What is Tasker and how does it work?
Tasker is the essence of Android.
Android is about customization and making your phone work for you, and nothing exemplifies that quite as well as Tasker… except maybe Nova Launcher. Tasker is an automation app that lets us mere mortals work a little Android magic. Yes, magic. Magic is science we don’t understand yet, and that makes it a perfect analogy for Tasker, as really the biggest obstacle the app faces is people not knowing what it is, how it works, and just what it can do for you.

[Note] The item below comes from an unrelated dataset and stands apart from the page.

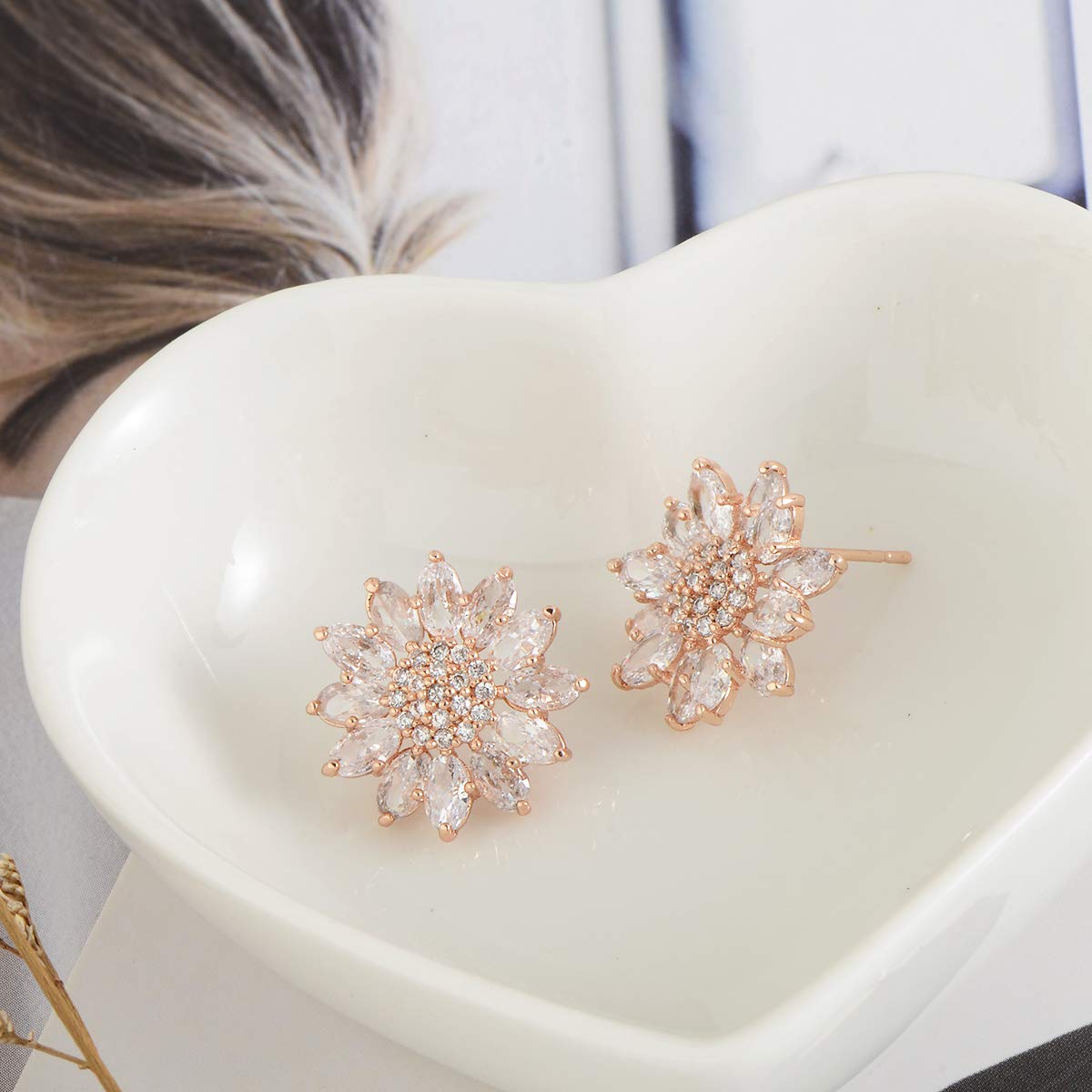 Aretes con forma de flor de cristal, plata de ley, circonita cúbica, diamantes de imitación, margaritas, girasol, racimo, nupciales, bodas, fiestas, bailes, disfraces, joyas para novia, damas de 4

So, let’s answer those questions and make a little magic.
What is Tasker?
Tasker is an automation app. You create a list of actions, called a task, which can then be executed according to a variety of contexts. You tell Tasker you want it to do A, B, and C when X and/or Y happens. You might be thinking that Tasker’s like IFTTT, and you’d be half right. Tasker tasks are similar to IFTTT applets, and both services have a wide variety of plugins. IFTTT has wider service support and cross-platform usability, but Tasker can do more on the Android devices it touches with more complex actions.

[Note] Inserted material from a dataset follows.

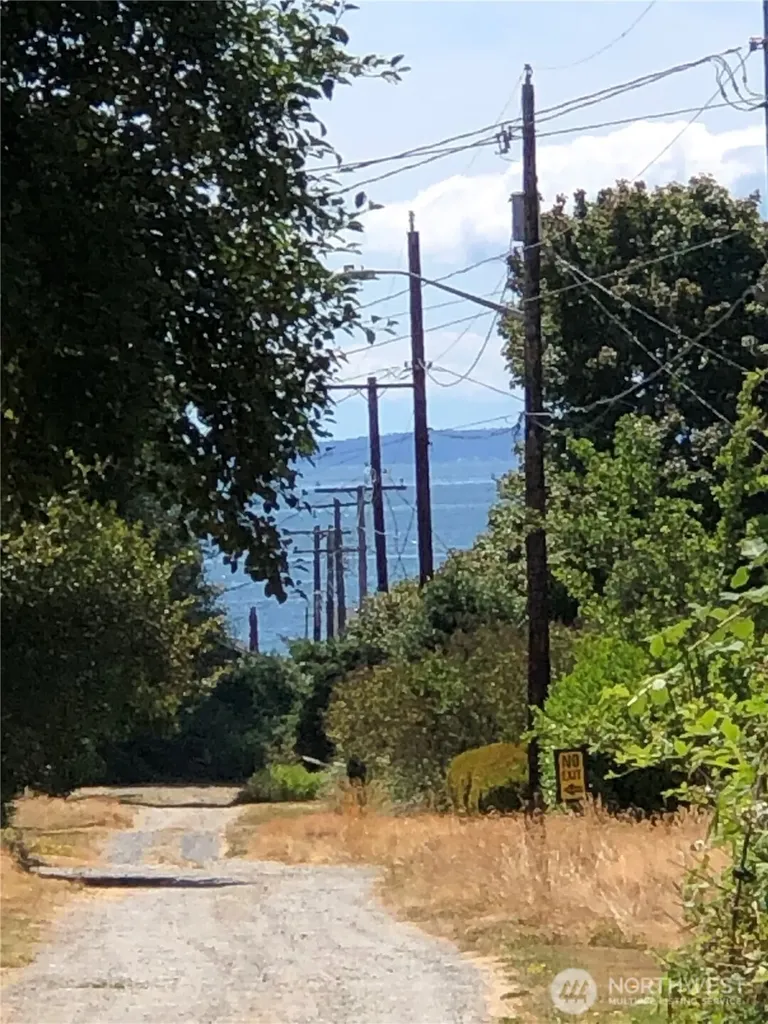 616 Mallard Lane Point Roberts WA 98281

Actions in Tasker tasks can be as simple as turning on or off a setting like Bluetooth, or as complicated as sending app-specific media and control commands through third-party plugins. Contexts can be a variety of things, from automatic profiles or plugins, shortcuts, or simply opening the app and pressing play.
How does Tasker work?
When you open up Tasker, you have four tabs to work with: Profiles are contextual ways to trigger Tasks, which are the lists of organized Actions you want to perform. Scenes are visual interfaces that users can build to execute tasks, as well as Popups and other visual elements that can be used in Tasks various ways — such as waking up the screen on my phone without the use of root. Variables are values that can be assigned and changed over time. Tasker has a lot of global variables built in, and you can assign your own variables, should you desire.
To create a Task, you first give it a Name, and then you can begin assigning actions to that task. Actions are grouped according to type, but you can also search for actions by name, which makes things significantly easier for Tasker builders… so long as you know the proper name for the action you’re looking for.
Once you select an action, you configure it, such as telling Wi-Fi to turn off rather than on, or telling a plugin which app to direct commands to. Once you have your actions in order, you can execute the task by pressing play, or by adding it to a Profile, which can be launched at a certain time, when a certain app is open, or a number of other contexts.
Just what can it do for you?
Tasker can do a multitude of things to your phone, and it has done this for me over the years. Even before Android had automatic rules for Do Not Disturb, Tasker ensured my phone wouldn’t disturb me while I got my beauty sleep. At show time, Tasker would set my phone to silent, ensuring my Fantasmic ring tone didn’t blare out in a live broadcast. When I was getting in the car, Tasker recognized the Bluetooth head unit and executed a task that would turn off my Wi-Fi and turn on my music.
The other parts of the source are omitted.